So a couple of years ago, I felt that something was missing from Treyarch’s Call of Duty: Black Ops IIII. It got the multiplayer components right; and obviously WarZone was a big hit. But without that single player component to keep things balanced, it just didn’t feel complete to me. Sure, people had fun with it, but it didn’t really feel like the “4” it was being labeled as.
But here we are, two years later, with Black Ops: Cold War, which really does feel like the “4” of the series. There’s a lot to uncover here, including a single player campaign that takes place in the 80s; a Zombies mode from the guys that got it started all the way back with World at War; and, of course, multiplayer. It doesn’t quite nail all the bases completely as it hopes, but there’s more than enough here to keep fans content – especially if you loved the first chapters of the Black Ops saga.
A Single Player Mode That Shows Evolution
Treyarch pulls off a nice trick with the Cold War single player campaign. It introduces familiar characters back into the fold, including series mainstay Frank Woods, and throws them into a plotline straight out of the 80s. Even Ronald Reagan is here, and, well, not that badly represented considering what it could have been.
What’s neat is how the story can veer off based on your decisions. Do you let this guy live or throw him off the roof? Do you risk reputation taking on a mission, or go a different route?

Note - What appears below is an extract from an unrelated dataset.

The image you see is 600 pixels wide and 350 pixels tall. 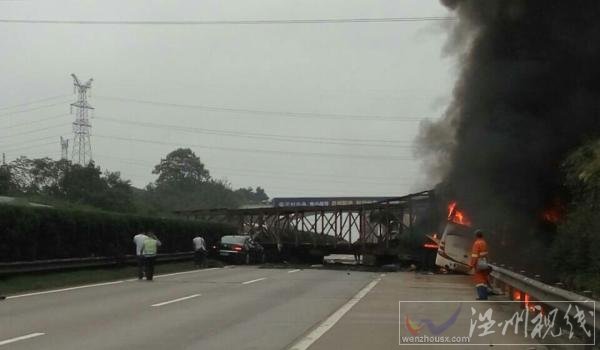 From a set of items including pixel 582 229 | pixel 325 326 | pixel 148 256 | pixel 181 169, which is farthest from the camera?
pixel 181 169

While the choices aren’t exactly earth-shattering in terms of the direction you go, they add tremendous replayability to a game that usually doesn’t provide huge story choices. And you actually find some cool missions along the way, challenging you at every turn – particularly on higher difficulty settings.
What’s more, it’s incredibly polished. On the Xbox Series X, the game screams at a beautiful 60 frames per second (maybe even 120, I didn’t count), with lots of amazing lighting and good character detail. Some of the locations are fantastic too, and really set the tone for an adventure set in the past. This could be Treyarch’s most accomplished CoD to date – and that’s saying something considering how amazing they did on Black Ops II. Isn’t that game due for a next-gen remaster…?
The Zombies Are Back
With a new Call of Duty game comes a new Zombies mode, with a fun little storyline and neat little extras, like Dead Ops Arcade, which has become a staple for this series over the years. It’s not incredibly innovative; but when it comes to mowing down dead soldiers alongside your friends, it’s a complete blast.

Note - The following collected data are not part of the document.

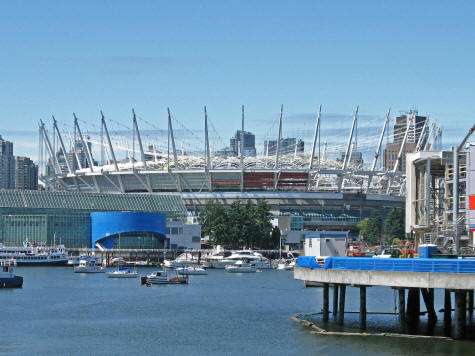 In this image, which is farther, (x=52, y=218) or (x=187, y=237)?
(x=187, y=237)

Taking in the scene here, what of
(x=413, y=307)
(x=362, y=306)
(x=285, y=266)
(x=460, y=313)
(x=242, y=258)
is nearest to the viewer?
(x=460, y=313)

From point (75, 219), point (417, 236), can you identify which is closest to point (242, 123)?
point (75, 219)

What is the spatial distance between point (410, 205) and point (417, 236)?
258 centimetres

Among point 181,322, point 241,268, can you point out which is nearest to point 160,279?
point 241,268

Like all Zombies modes, it’s all about finding those key weapons, keeping up your defenses and avoiding getting overrun. The variations included here are very cool, though not quite as in- depth as we’ve seen in other games in the past. Still, if it’s a good crew game you’re after, you could do far worse than this.
Sadly, we didn’t get to try the Onslaught mode, as that’s exclusive to the PlayStation versions of the game. But we’ll catch up with that eventually and provide our thoughts soon enough.
Multiplayer’s A Little Behind
Where Black Ops: Cold War surprisingly comes up short is an area where Treyarch usually knows how to cover its ground – multiplayer. It’s not bad, to say the least; and there’s enough content here to keep players logged in. But it comes up a bit short in content in its own right.
There’s only one new mode, Fireteam: Dirty Bomb, which has squads going up against one another to collect uranium and use explosives. It’s kind of neat, but a little gimmicky as well,
and it’s unsure if it’ll stick around for future iterations.
The other modes are here, and well presented for the most part, but it’s the map count that’s a bit disappointing. There’s only eight available so far, and that means far less terrain to cover than we’re generally used to. That may disappoint some hardcore players expecting a huge, expansive experience like WarZone has. But, as Activision promised in the past, there’s more content coming, and most of it will be on the house. So, patience, gamers.
Back To Proper Form, For The Most Part
While Call of Duty: Black Ops Cold War lacks a stacked amount of content like we’ve seen in the past, there is still more than enough here to keep fans pleased. The graphics are amazing, the gameplay still holds up rather well, and Zombies is packed with a lot of bloody fun. Multiplayer could use a little more content; and there could be more modes thrown in for good measure.
But as it stands, the general Call of Duty experience is present and accounted for, compared to what we’ve gotten in the past. I’ll happily take it.